Women have made important gains in recent years. Although the number of women in the workforce is still very small, women have begun to find jobs in education, medicine, and the news media. According to one study, the number of Qatari women in government jobs increased by 61 percent between 1991 and 1997. Women participated as candidates and voters in municipal elections, making up 44 percent of registered voters. The government increasingly awards scholarships to women wishing to study abroad. Still, in this socially conservative country, society restricts women even where the law does not. Women may legally travel abroad alone, but most travel with male relatives. Legal discrimination still exists in family matters such as divorce and inheritance.

The Wahhabi order of Sunni Islam is the state religion. While public worship by non-Muslims is officially prohibited, services conducted privately with prior notification of authorities are tolerated, and a large foreign population practices discreetly. There is a small number of Shiite mosques. Public schools provide compulsory instruction in Islam. Since Sharia courts handle most civil claims, non-Muslims, who cannot bring suit in Sharia courts, are disadvantaged. The U.S. State Department notes an upward trend in religious freedom for Christians, including promised provision of land on which to build churches. In February 2000, the government identified a piece of land on which it will allow the construction of three churches: one Catholic, one Anglican, and one Orthodox.

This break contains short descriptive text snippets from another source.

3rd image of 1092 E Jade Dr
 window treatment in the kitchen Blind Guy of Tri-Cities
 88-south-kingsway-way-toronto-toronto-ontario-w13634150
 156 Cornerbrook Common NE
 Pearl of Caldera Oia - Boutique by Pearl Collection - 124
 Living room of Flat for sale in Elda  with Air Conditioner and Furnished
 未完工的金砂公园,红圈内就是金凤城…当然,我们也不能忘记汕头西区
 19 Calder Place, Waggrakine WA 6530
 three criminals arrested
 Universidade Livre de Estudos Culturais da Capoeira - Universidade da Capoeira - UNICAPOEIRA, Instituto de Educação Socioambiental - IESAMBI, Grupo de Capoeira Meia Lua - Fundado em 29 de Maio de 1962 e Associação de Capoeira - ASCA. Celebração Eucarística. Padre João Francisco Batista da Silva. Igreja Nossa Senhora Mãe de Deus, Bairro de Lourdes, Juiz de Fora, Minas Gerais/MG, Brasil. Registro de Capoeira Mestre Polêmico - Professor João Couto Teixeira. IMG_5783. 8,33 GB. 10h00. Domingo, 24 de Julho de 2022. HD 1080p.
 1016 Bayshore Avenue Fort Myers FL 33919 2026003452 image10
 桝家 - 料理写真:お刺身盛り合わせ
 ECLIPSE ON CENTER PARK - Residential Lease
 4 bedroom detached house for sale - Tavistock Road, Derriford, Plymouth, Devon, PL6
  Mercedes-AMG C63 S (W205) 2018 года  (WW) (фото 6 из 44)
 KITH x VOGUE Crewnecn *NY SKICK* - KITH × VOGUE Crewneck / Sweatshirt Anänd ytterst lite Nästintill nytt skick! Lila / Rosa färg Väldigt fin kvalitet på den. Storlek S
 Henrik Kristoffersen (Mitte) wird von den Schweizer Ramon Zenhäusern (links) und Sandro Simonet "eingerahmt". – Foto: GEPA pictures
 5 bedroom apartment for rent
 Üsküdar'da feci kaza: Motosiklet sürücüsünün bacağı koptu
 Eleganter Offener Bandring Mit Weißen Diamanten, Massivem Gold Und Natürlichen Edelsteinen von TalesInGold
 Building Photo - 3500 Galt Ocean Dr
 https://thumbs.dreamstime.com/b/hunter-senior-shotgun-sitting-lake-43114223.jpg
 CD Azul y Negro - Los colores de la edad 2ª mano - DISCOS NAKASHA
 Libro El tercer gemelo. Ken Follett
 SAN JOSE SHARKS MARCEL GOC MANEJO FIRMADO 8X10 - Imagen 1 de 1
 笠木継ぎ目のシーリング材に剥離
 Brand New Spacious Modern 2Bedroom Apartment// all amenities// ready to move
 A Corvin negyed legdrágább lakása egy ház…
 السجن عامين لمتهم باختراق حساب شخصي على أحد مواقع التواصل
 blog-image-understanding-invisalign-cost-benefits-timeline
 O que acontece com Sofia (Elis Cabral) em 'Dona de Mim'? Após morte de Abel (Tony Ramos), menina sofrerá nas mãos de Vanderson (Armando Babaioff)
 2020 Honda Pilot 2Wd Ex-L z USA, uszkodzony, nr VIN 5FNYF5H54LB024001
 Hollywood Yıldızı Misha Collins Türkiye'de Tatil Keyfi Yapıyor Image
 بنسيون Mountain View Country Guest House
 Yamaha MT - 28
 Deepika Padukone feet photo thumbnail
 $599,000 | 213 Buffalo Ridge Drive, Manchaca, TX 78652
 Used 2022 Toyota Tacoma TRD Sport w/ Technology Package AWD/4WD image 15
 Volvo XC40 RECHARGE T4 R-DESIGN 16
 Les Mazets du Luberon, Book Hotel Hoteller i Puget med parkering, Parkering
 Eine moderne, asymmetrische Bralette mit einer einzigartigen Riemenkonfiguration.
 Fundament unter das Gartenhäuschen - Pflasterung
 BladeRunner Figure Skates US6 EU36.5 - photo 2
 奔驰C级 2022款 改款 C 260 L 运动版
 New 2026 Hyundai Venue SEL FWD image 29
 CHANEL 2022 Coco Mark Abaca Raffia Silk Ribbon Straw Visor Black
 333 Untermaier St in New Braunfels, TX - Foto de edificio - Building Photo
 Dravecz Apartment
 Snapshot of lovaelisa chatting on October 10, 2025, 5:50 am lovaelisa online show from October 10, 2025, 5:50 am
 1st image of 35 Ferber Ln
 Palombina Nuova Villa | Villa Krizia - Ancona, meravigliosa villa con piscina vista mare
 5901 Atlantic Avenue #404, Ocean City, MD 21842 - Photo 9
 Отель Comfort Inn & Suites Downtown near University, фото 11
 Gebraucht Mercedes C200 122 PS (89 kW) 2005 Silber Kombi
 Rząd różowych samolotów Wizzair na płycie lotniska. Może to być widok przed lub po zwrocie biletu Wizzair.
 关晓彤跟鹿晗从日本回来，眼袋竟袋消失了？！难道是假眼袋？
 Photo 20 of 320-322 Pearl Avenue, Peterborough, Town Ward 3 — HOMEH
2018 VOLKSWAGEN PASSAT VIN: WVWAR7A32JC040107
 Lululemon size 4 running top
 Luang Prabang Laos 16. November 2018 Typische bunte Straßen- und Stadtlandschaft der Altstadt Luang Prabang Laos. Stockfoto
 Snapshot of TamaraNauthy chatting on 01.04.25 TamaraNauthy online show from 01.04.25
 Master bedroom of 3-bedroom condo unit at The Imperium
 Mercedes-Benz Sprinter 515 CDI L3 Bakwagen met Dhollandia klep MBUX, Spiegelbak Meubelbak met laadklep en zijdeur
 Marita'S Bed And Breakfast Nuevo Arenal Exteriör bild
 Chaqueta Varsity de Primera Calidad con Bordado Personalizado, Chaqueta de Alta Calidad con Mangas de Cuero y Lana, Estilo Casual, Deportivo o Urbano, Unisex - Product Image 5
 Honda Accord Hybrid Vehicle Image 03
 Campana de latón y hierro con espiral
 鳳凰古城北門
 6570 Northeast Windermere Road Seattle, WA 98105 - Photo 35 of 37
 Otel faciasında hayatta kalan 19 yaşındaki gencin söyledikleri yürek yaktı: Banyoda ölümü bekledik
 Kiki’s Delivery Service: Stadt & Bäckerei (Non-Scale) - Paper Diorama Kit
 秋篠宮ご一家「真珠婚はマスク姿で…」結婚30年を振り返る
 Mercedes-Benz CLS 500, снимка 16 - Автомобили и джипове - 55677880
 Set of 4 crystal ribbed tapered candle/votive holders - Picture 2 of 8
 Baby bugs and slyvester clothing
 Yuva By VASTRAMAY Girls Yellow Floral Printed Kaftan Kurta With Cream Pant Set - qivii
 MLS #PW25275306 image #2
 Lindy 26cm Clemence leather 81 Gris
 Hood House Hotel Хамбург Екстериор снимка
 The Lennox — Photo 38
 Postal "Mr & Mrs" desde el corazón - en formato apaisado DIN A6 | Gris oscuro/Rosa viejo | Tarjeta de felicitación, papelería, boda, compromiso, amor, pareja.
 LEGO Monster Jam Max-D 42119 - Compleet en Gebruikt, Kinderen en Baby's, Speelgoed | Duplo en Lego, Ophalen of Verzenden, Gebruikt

Workers may not form unions or bargain collectively. They may belong to joint consultative committees of worker and management representatives that discuss such issues as working conditions and schedules, but not wages. The government's Labor Conciliation Board mediates disputes. Workers, except those in government or domestic employment, may strike if mediation fails. Employers sometimes exercise leverage over foreign workers by refusing to grant mandatory exit permits.